▸ **Problem**: Word for word, repeat the lines of the records from the first line up to and including the line that contains "Connect the probe.", passing over any pictures.

▸ **Saved entries**:
# # # # # # #

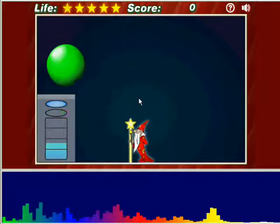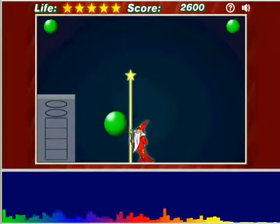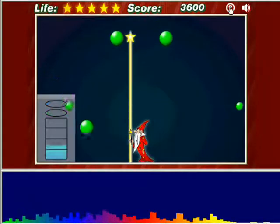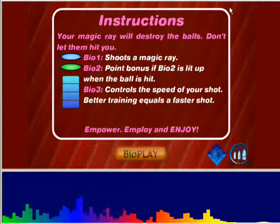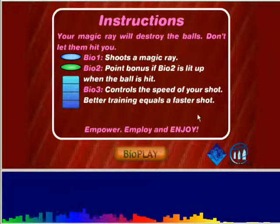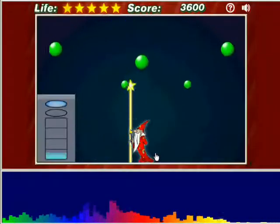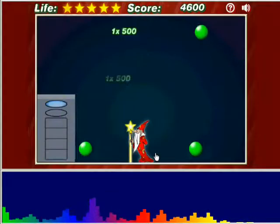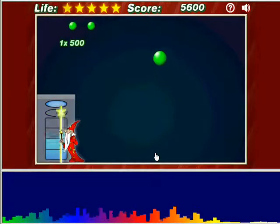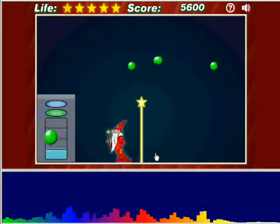To view instructions or to pause the game at any time, click the help icon at the top right. Direction control for games will be either keyboard, mouse, or hands-free. Games are otherwise controlled by physiology.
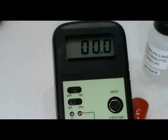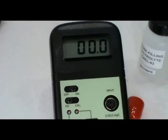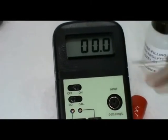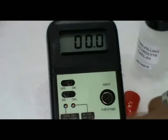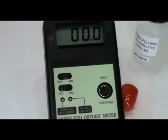Connect the probe. The display should show 0.0 value. Adjust using the screw.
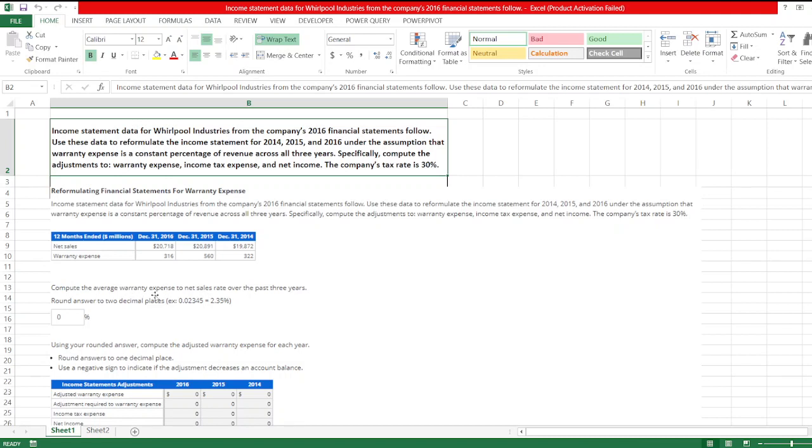Compute the average warranty expense to net sales rate over the past three years. Using your rounded answer, compute the adjusted warranty expense for each year.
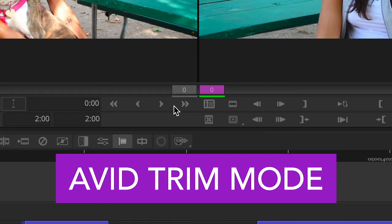We're going to go over something we touched on but didn't really get into enough. It's an important part of Avid, and that's something called the trim mode.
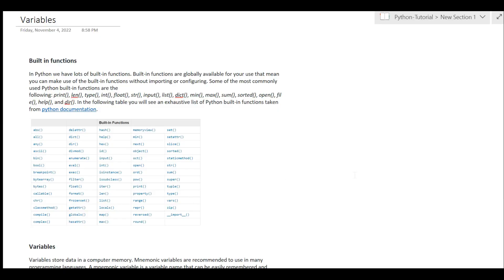Hey, hello guys, welcome back. My name is Sagar Kujapati and in this video we will be talking about the second topic, which is variables and built-in functions. In the previous video I told you about the introduction of Python, the syntax, how to do comments, what is data type, and the basic stuff. If you haven't watched that video, go watch it first and then watch this one. Let's get started.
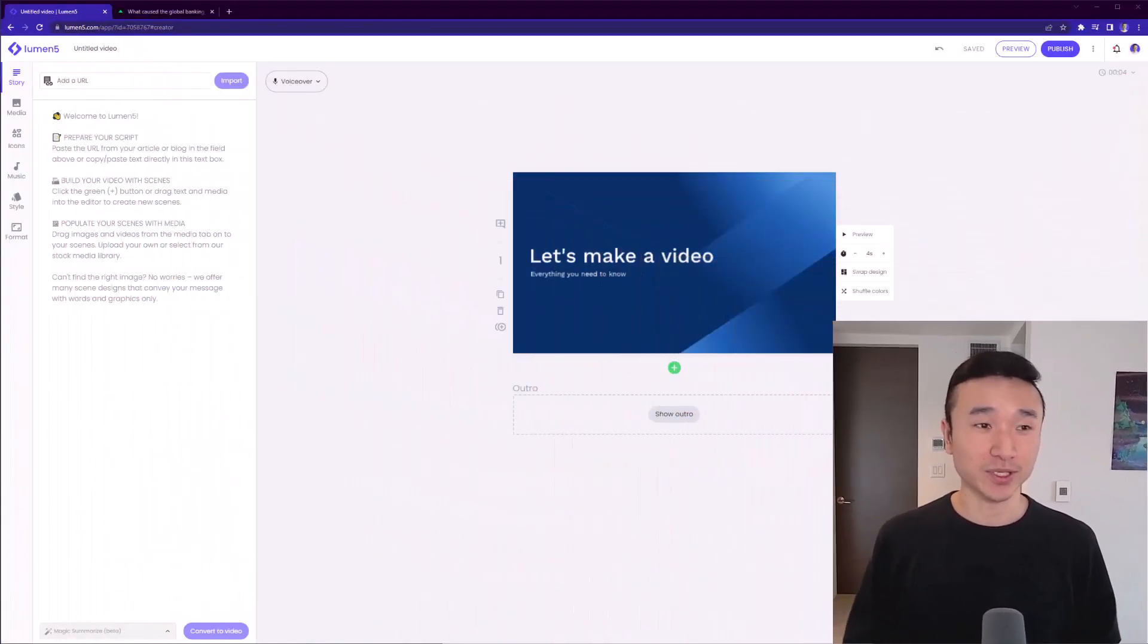Hey, it's time for another video tutorial. Today I'm going to show you how to use AI to turn a blog post into an engaging video in minutes. Let's dive straight into it.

# # # # # # #

▸ **Answer**:
To view instructions or to pause the game at any time, click the help icon at the top right. Direction control for games will be either keyboard, mouse, or hands-free. Games are otherwise controlled by physiology.
Connect the probe. The display should show 0.0 value. Adjust using the screw.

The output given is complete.